[Provided information Boundary: Start]
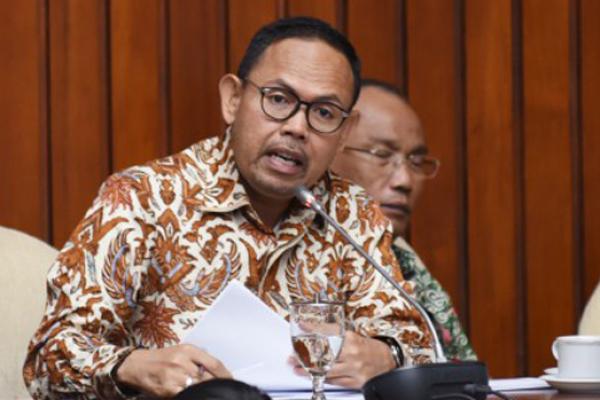 Kalangan dewan meminta  Komisi Pengawas Persaingan Usaha (KPPU) untuk menelusuri dugaan monopoli ekpor benih lobster di bawah kepemimpinan Menteri KKP Edhy Prabowo. 
 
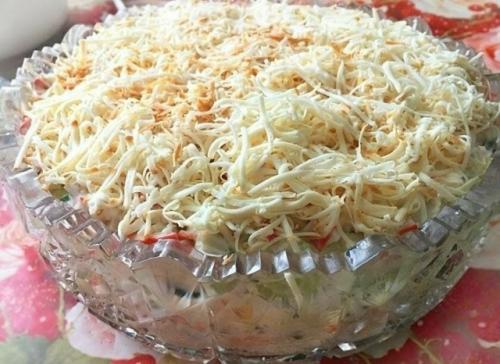 Салат Валенсия.  Готовимся к новогодним пpаздникам!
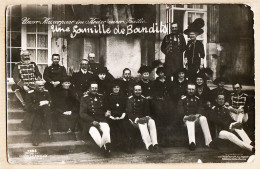 11315 / ♥️ ⭐ ◉ Carte Photo SATIRE Surchargée 1914 FAMILLE De BANDITS! Unser Kaiserpaar Kreise Seiner Familie Cpaww1  - War 1914-18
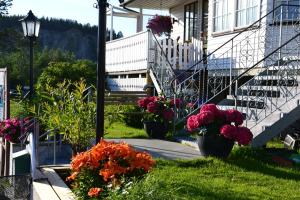 una casa con flores en las escaleras de un porche en Alta River Camping, en Alta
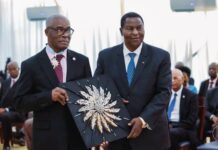 RCA: enfin de mission à Bangui, l’ambassadeur de Guinée équatoriale élevé au grade de Commandeur L'ambassadeur de la Guinée équatoriale Narciso Edu Nsue et le président centrafricain Faustin Archange Touadéra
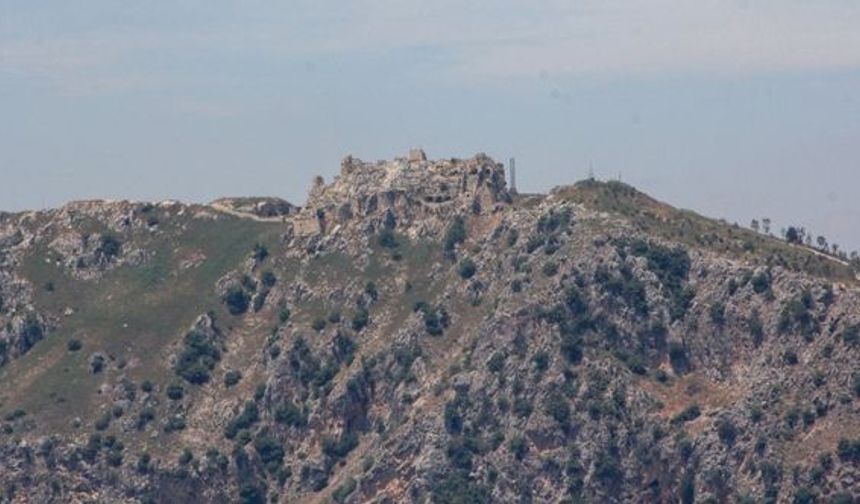 İsrail, Lübnan'da stratejik tepedeki kaleyi işgal etti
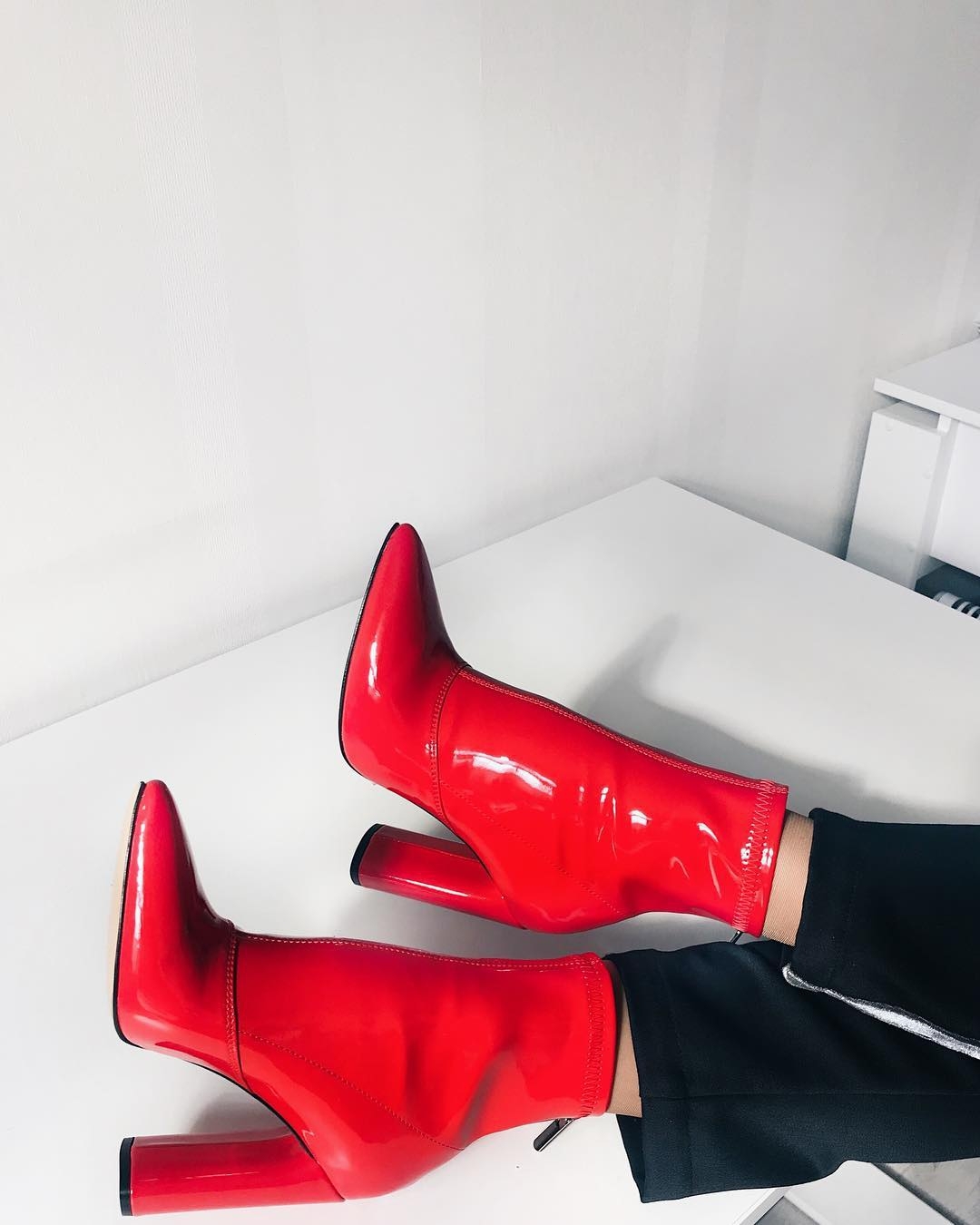 красные ботинки 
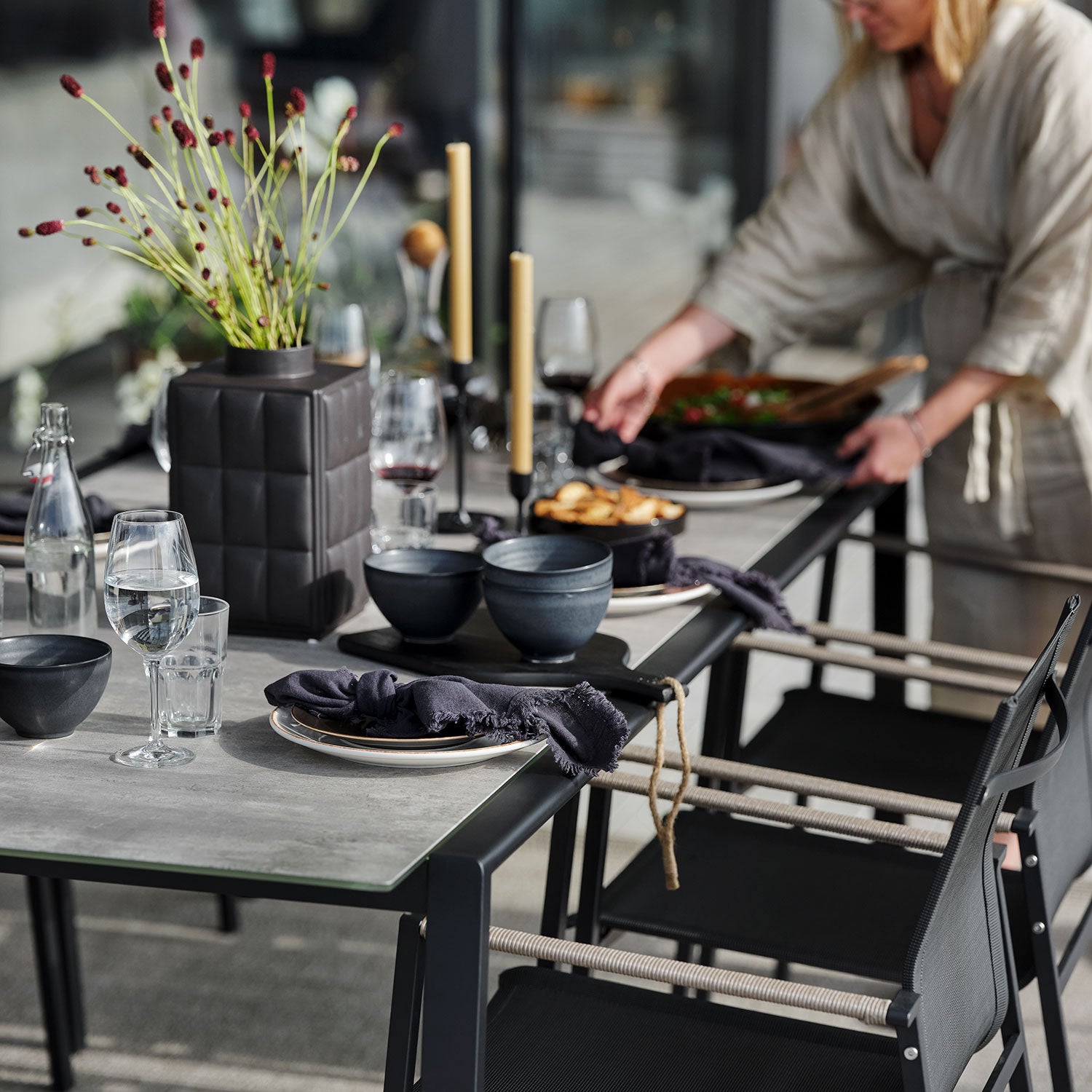 Lyra karmstol svart/grå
[Provided information Boundary: End]
● **To do**
Output the lines above verbatim, images excluded.

● **Output below**
 Kalangan dewan meminta  Komisi Pengawas Persaingan Usaha (KPPU) untuk menelusuri dugaan monopoli ekpor benih lobster di bawah kepemimpinan Menteri KKP Edhy Prabowo. 
 
 Салат Валенсия.  Готовимся к новогодним пpаздникам!
 11315 / ♥️ ⭐ ◉ Carte Photo SATIRE Surchargée 1914 FAMILLE De BANDITS! Unser Kaiserpaar Kreise Seiner Familie Cpaww1  - War 1914-18
 una casa con flores en las escaleras de un porche en Alta River Camping, en Alta
 RCA: enfin de mission à Bangui, l’ambassadeur de Guinée équatoriale élevé au grade de Commandeur L'ambassadeur de la Guinée équatoriale Narciso Edu Nsue et le président centrafricain Faustin Archange Touadéra
 İsrail, Lübnan'da stratejik tepedeki kaleyi işgal etti
 красные ботинки 
 Lyra karmstol svart/grå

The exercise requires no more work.